Wednesday, 25 May 2011

A rant about primate evolution and cladistics.

As a zoology student, I am naturally more easily irritated by the minor mistakes most people make regarding the Animal Kingdom in everyday conversation. I'm happy to let most of these slide: if you don't know the difference between a frog and a toad, I'll find it in my heart to forgive you, and let's not even get started on the myth of the venomous daddy longlegs.

But there is one such common mistake that to me represents pure ignorance, made all the worse by the fact that most culprits of this error do actually know the difference, but deem it to be insignificant. Well, my friends, it is not.

In fact I am not talking about a specific error, but a whole host of generalisations and outright fallacies surrounding the evolutionary relationships of one group of animals: the primates. Ever since the desperate attempts of nineteenth century clerics to discredit Charles Darwin and natural selection, misconceptions and ignorance about our primate ancestry have been rife.

First let me address the most annoying of all these errors: the difference between apes and monkeys. If asked,    most people would be able to tell you the key difference between the two: monkeys have tails and apes don't. Even this, however, is an oversimplification, for while it is true that all apes are tailless, some monkey species also lack tails, such as the Barbary macaque, which is commonly (and erroneously) known as the Barbary ape.
Even just dividing primates into monkeys and apes fails to take into consideration the oft-overlooked prosimians, or 'lower primates' comprising lorises, lemurs and tarsiers, which, whilst not apes or monkeys, are all primates nonetheless. Monkeys and apes are collectively known as higher primates or simians. Below this level of classification, you might assume that the next binary split is between monkeys and apes. But you'd be wrong.

Here comes the part where I can no longer avoid using long names.

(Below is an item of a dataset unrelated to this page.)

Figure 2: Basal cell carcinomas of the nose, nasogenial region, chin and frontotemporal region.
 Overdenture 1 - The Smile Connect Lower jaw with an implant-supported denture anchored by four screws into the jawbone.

Within the simians (or simiiformes as they are more correctly known), there are two subdivisions: platyrrhini and catarrhini. The platyrrhini are the New World monkeys (that is, monkey species native to Central and South America) and include marmosets, tamarins, capuchins, spider monkeys and squirrel monkeys among others). The word platyrrhini means 'flat nosed', and reflects the major distinguising feature of this clade: flat noses with outward-facing nostrils.

Catarrhini means 'downward nosed', and refers to the fact that the catarrhini have more pronounced noses with nostrils that face downwards. The clade consists of Old World monkeys native to Eurasia and Africa (including baboons, macaques, mangabeys, geladas and mandrills among others) and apes (including gibbons, gorillas, orang-utans, chimpanzees and, of course, humans). Apes are further split in two, with gibbons being separate from the much larger great apes.

Within the great apes, our closest extant relatives are, as most people are aware, chimpanzees. We did not, however, evolve from chimpanzees. Rather, both genera evolved from a common ancestor. That ancestor (often referred to as the Missing Link due to the current dearth of fossil evidence) lived some seven million years ago, and it is important to remember that just as seven million years of evolution separate humans from that ancestor, the same is true for chimpanzees. It would seem absurd to say that chimpanzees evolved from humans, and so why should it not seem absurd to say the reverse and put ourselves at the top of the tree? The fact is there is no top of the tree.

It seems to me that this propensity to say that humans have evolved from chimpanzees, or 'monkeys', as so many people wrongly calling them, is a psychological way for people to assert the superiority of the human species over our closest biological relatives. The process of evolution normally involves an increase in complexity, and people like to think of themselves as being more complex than a chimpanzee. But the fact is, humans and chimpanzees evolved from the same ancestor. The differences between our two species are likely to be the result of geographical isolation of two populations of the same primate species, resulting in divergent evolution based on the differences in the habitats of each population. We create this arbitrary hierarchy for ourselves, with humans at the top, based on one aspect: cognitive function, but there is no logical reason to infer that we are the 'master species' based on the size of our brains alone. We could just as well base our hierarchy on renal function, in which case seals would be 'better' than us, or on longevity, in which case giant tortoises would surely rule the Earth.

My point is that we humans like to see ourselves as special based on our unique characteristics. In reality though, all species are unique; if they weren't, they wouldn't be distinct species. It just happens that one part of what makes humans unique is the very ability to conceptualise our uniqueness.